"It has been since that awful ride in the field on Thursday. Ever since then, he's come round and through almost immediately when I ask, and stayed consistent in it."
"Hm, yes, because he had the impulsion to do it, probably. I guess Thursday was actually quite productive for you, then. This is the best work I've seen him do, he's so relaxed and connected. He's now rideable, and we can start actually doing things with him now."
It's not like he wasn't able to be ridden before, we've been working together for five months now, but she's referring to the fact that we've now got the first few levels of the training pyramid pretty consistently, and we're ready for more challenging flatwork. Surprising, eh? We've made some major progress in the past few weeks. His rhythm is consistent at the walk and trot, he's relaxed, soft and pliable throughout his entire body, and, as of Thursday, he goes on contact almost immediately when I ask. His gaits are lovely: forward, unimpeded by me, yet controlled and smooth. Unlike a few months ago, where I saw glimmers of this, he's now consistently going like that.
During yesterday's ride, I realized just how much more I needed to "catch" the energy with my arms (from the elbows down). I've improved at this since my clinic with Nancy where she first pointed it out, but I realized yesterday through those downward transitions that I'm still dumping my outside rein forward consistently, and both reins when I ask for something like the walk or halt transitions. Focusing on both that and strongly walking him into the transition with my seat led to the beginnings of collection through transitions, as Nancy said it would when she said, "Transitions are the closest thing you've got to collection with this guy right now."
As a result of that, I've made two major changes to my downward transitions: I exaggerate keeping my elbows back and at my sides, and I make sure, even if we'll be doing a free walk afterward, that I get several steps of collected walk before letting him stretch. Those two things have made a major difference.
Today we also started really working on his canter. I expected us to work on transitions and bring him down after half of a 20m circle as usual, but she had me keep going and do exercises at the canter that we have been doing at the trot. Specifically, I've been doing a lot of half halt on the outside/inside leg work, as well as shoulder-in on the circle (something I struggle so hard with, if anyone has any ideas, let me know!). I was truly amazed to discover that, though it was still quite rough, he could connect at the canter and carry himself just like in the trot. That was not the case the last time we really cantered.

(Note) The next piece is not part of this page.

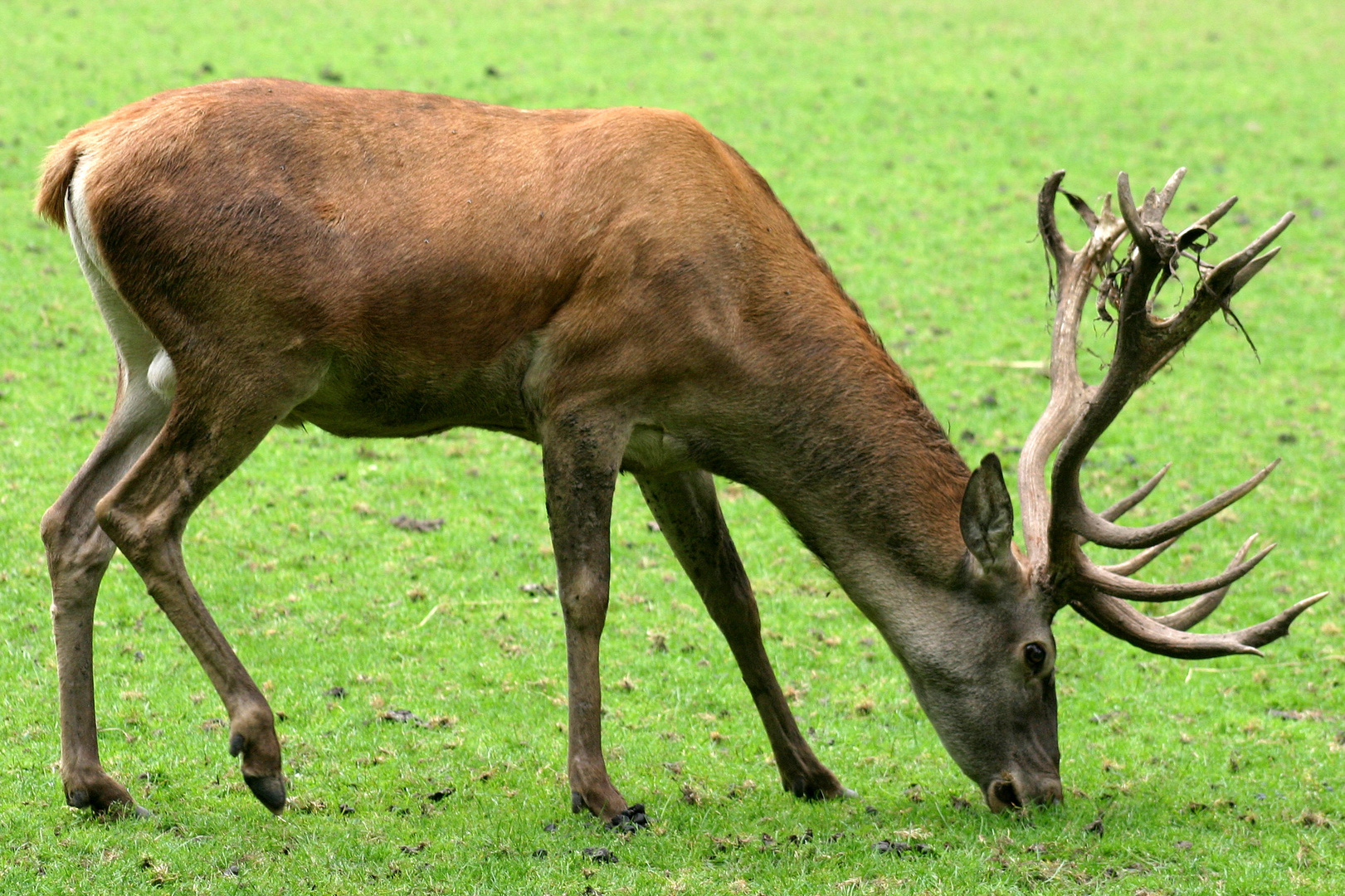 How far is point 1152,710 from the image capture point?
292 inches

At the end of the lesson, after some spectacular free walk exercises and a great lesson all around, my trainer complimented him, and then really, truly, out-and-out complimented my riding for the first time that I can remember. She said my riding has come so far and I'm really doing well these days, and that riding Connor is helping me. It meant so much to me, because it's true. My body awareness is improved to the point that I can actually catch him and make corrections before she tells me to. I really do feel like a maturing rider, and that's somewhere I never thought I'd get.
Gratuitous adorable pony photo. That's why you guys keep coming back, right? |
Congratulations! It feels so good when an instructor recognizes your hard work--at least in my experience, they're not usually the type to be liberal with compliments!
ReplyDeleteI love reading about your progress with Connor. Right now I am just finishing up college and horseless but it makes me look forward to the day when I have my own horse to progress with.
Thanks, CE! I was where you are just a couple of years ago, and the wait was worth it. I'm not even supposed to have him right now, but it all sort of just happened. With my husband's student loan debt, I'm still pretty much a horseowner on a college student budget!